Accountability is vital to recovery. You can’t beat your sexual struggles alone. Yet it’s one of the most terrifying and courageous things you can do. It is so worth it, so how do you do it well?
Here are three things good accountability needs to have
So you’ve decided you need accountability. You’ve confessed, you’re keen and ready to go! That’s great! But, this isn’t going to just fall into place naturally. Unfortunately, that initial confession and occasionally being asked ‘how are you going…with stuff?’ isn’t going to cut it. You need a game plan. You both need to set out clear and definitive expectations of each other.
This is because, as much as we’d like to believe our whole heart is in this, it probably isn’t. Why? Because accountability hurts. It’s uncomfortable. It means revealing your barest soul to someone and risking rejection. Part of us is always going to want to avoid it. It’s way too easy for accountability to fail when we don’t have a clear framework.
It’s important to begin by getting on the same page as your partner. Are you both ready for the same level of commitment and responsibility? Are your relevant values aligned? If not, try again with someone new.
When you find your accountability match, clear and tangible expectations give you the best chance of avoiding ‘The Fade’. The Fade is when busyness, awkwardness and reluctant hearts slowly but surely remove us from real accountability. We begin to skip scheduled chats, the hard-hitting questions become vague and it turns into a hang-out session if we even make it that far. This does our recovery no good. Here, contacting that person in moments of temptation begins to feel ‘too bothersome’. We’re not sure it matters anymore. It’s stopped being intentional. And you’re on your way to relapse.
Do you want to meet up once a week to talk? Make it clear. Do you have a set of questions that you know need to be asked every single time? Write them down. Do you need your partner to be available for emergency temptation text and calls at any time? Ask. Perhaps write this down together, and make a firm commitment to do the hard stuff, kind of like an accountability contract. Because you will start to wander from the hard truths and questions, trust me.
It can really hurt to be honest. The shame that sits within can threaten to suffocate. In secrecy, the lies thrive and we are convinced if we confessed, we would be rejected and seen for who we truly are: disgusting, unworthy and irredeemable. But healing from this comes from confession and grace.

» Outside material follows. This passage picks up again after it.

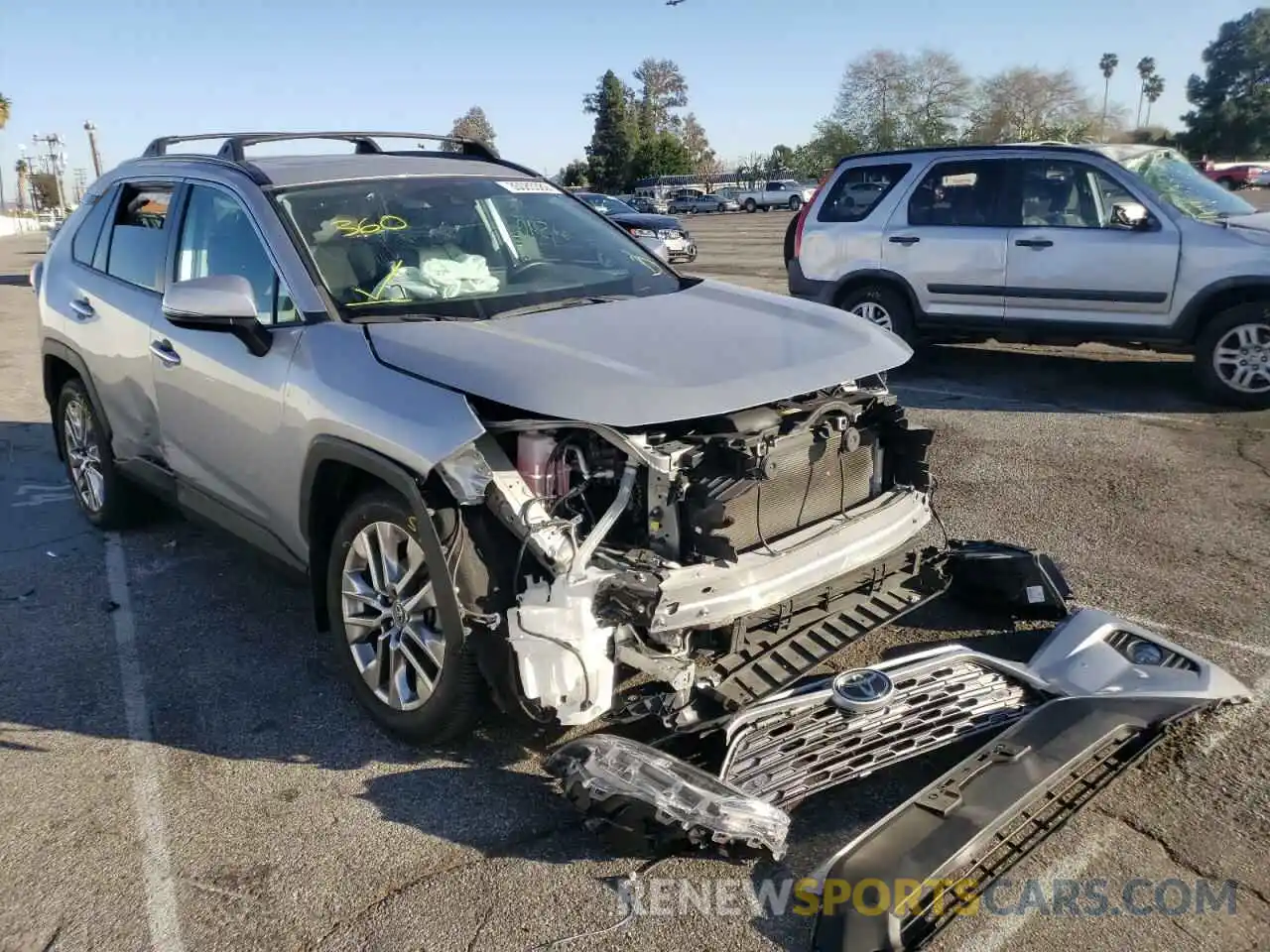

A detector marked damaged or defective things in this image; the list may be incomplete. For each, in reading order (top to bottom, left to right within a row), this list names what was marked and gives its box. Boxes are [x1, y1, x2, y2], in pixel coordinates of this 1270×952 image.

damaged toyota rav4 [35, 134, 937, 742]
crushed hood [367, 276, 913, 424]
detached grille [718, 662, 1040, 801]
crumpled front bumper [548, 611, 1254, 920]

When we are received by grace, it reminds us we are worth loving, and that God’s kindness to us stretches further than we could ever imagine.

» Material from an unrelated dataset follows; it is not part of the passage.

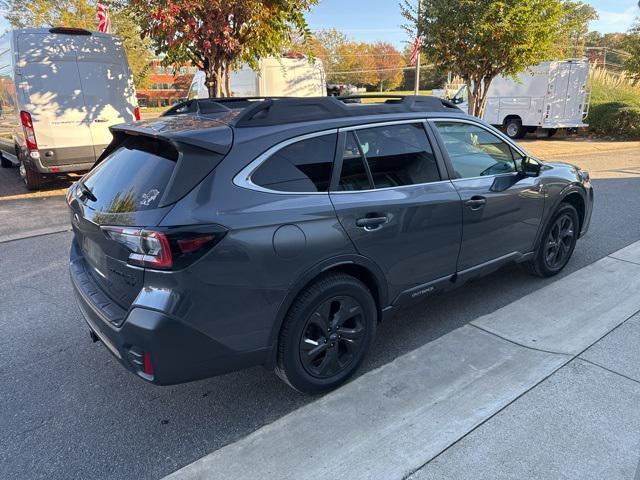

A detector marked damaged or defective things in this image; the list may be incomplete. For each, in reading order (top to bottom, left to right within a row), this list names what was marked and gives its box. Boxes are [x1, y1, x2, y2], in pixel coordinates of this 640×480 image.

parking lot pavement crack [464, 324, 568, 358]
parking lot pavement crack [576, 358, 640, 384]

You need to be honest each time you talk to your accountability partner. Even when your face is red and your shame is strong. And you need to be honest about when you haven’t been honest.

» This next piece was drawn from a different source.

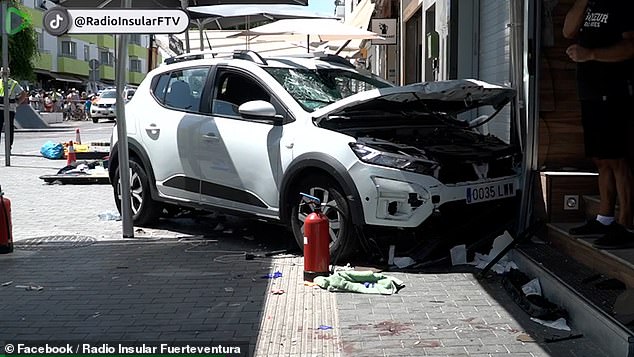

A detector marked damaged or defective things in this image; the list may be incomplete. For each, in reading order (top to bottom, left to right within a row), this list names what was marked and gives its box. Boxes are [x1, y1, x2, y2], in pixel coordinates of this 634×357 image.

It’s a fight to speak it out.
But the freedom is worth it.
Consistency is key! Again, accountability is not enjoyable! No one wants to swallow their pride and confess ‘I watched porn and masturbated for two hours tonight because I was lonely‘. It’s truly humbling and reveals the tender wounds our hearts carry.
So fight The Fade with consistency. Regularly review your expectations (this is why it helps to write it down) and make them a priority. The life of a woman in the 21st Century is busy. Whether you’re a student, professional, living on welfare or anything else, there are many activities and responsibilities that capture our time. We get tired, sick and cars and phones break. We go away on holidays. And our shame tells us ‘you’d be better off not sharing that stuff anyway…’
Shame makes it far too easy to make excuses. Many times the things that make it difficult to be consistent have a legitimate basis, but more often than not, you can, and you need to work around them. Don’t skip accountability.
If you want to recover, you will make it work. You will find time, and you will keep finding time. All it takes is a twenty-minute phone call once a week at a minimum! Personally, I meet with my main partner for thirty to sixty minutes weekly, and text my other partner, night and morning.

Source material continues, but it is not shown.